Build your own 2048 with SpriteBuilder and Cocos2D – Part 1 - Ben-G
https://www.makegameswith.us/gamernews/384/build-your-own-2048-with-spritebuilder-and-cocos2d

======
terhechte
SpriteBuilder is a really nice tool. I started using it when it was still
called CocosBuilder and I've used it for a game project [1] and had my own
small fork with awful additions that were only relevant to the game I was
working on.

I recently (as I started working on a new game) downloaded the newest release
and I was really impressed. It is possible to quickly build rather complex UI
scenes and game scenes.

I've actually just used it for a small iOS app side project, that only
requires a minimal spartan UI and this way I can leverage Apportable [2] and
easily release that app for Android, too. (hopefully, I'm not that far yet)

[1.1]
[https://www.youtube.com/watch?v=9J0mleRrcdQ](https://www.youtube.com/watch?v=9J0mleRrcdQ)
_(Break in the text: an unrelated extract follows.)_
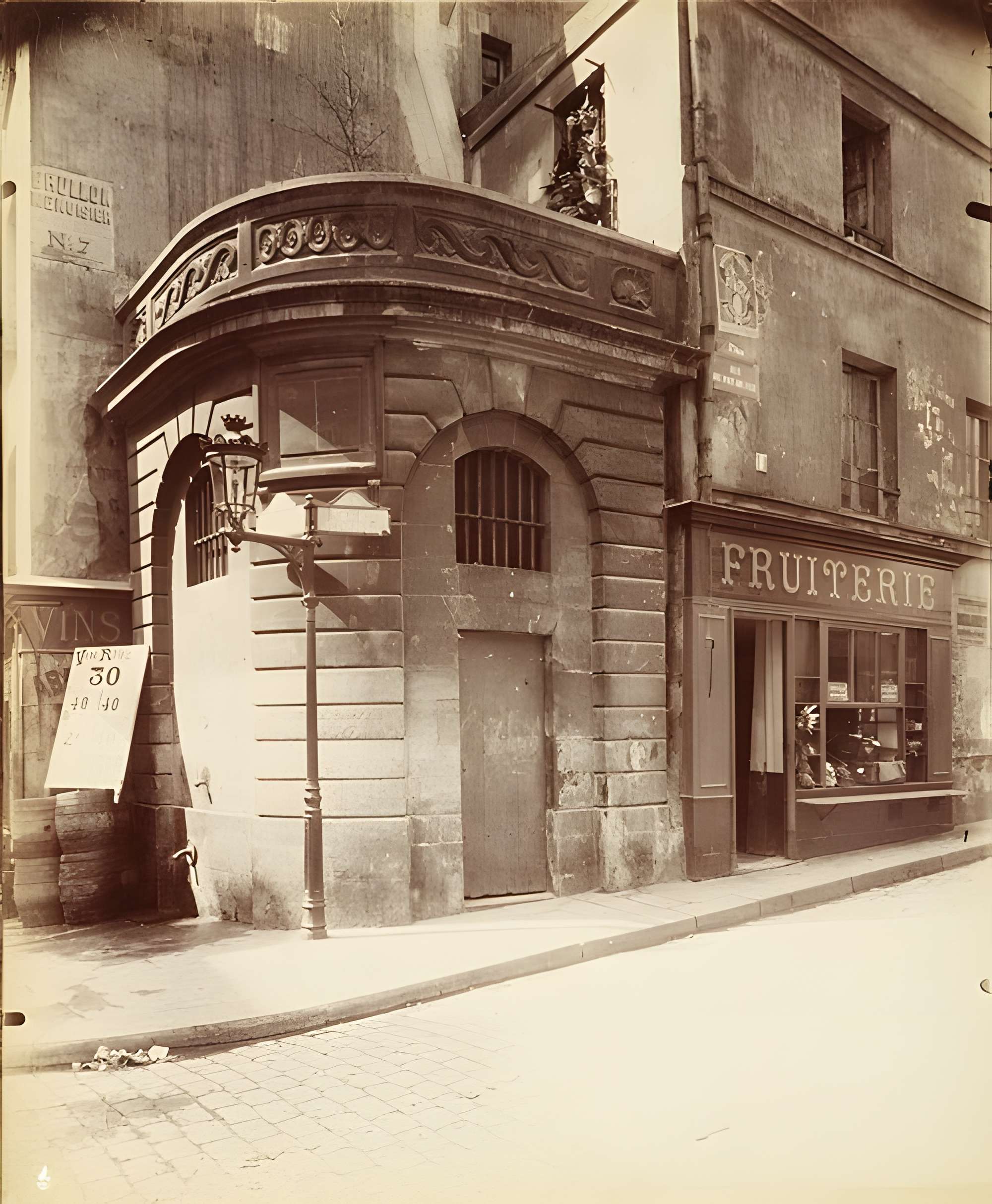 Fontaine du Pot-de-Fer à Paris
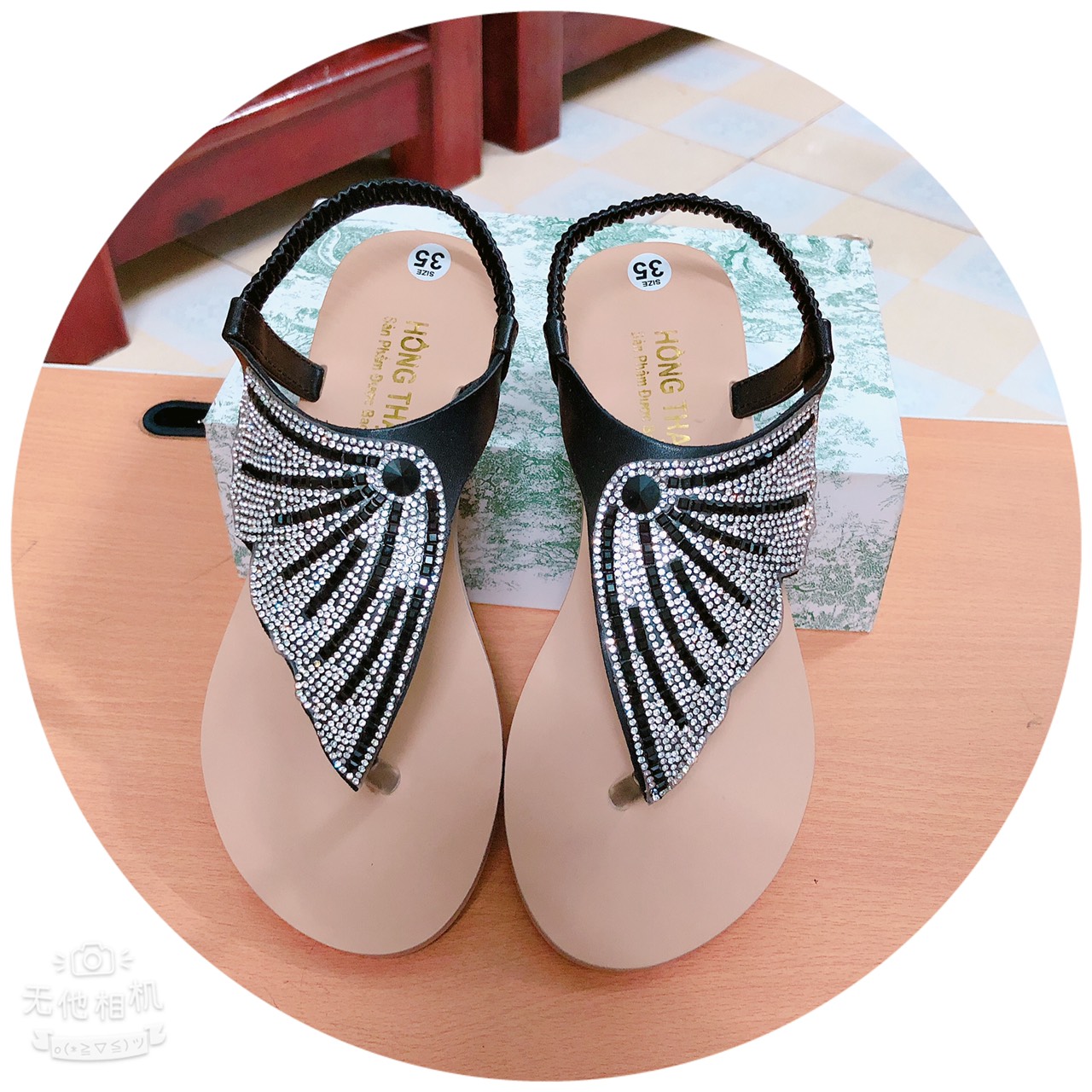SANDAL HÌNH BƯỚM QUAI ĐÍNH ĐÁ  MÀU ĐEN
[1.2] [https://itunes.apple.com/ca/app/flick-a-
fruit/id771895296?mt...](https://itunes.apple.com/ca/app/flick-a-
fruit/id771895296?mt=8)

[2] [http://www.apportable.com/](http://www.apportable.com/)

------
Bud
Why is 2048, an entirely stolen game and an example of all that is bad for
real programmers, getting so much play on Hacker News? I don't understand this
community supporting outright theft.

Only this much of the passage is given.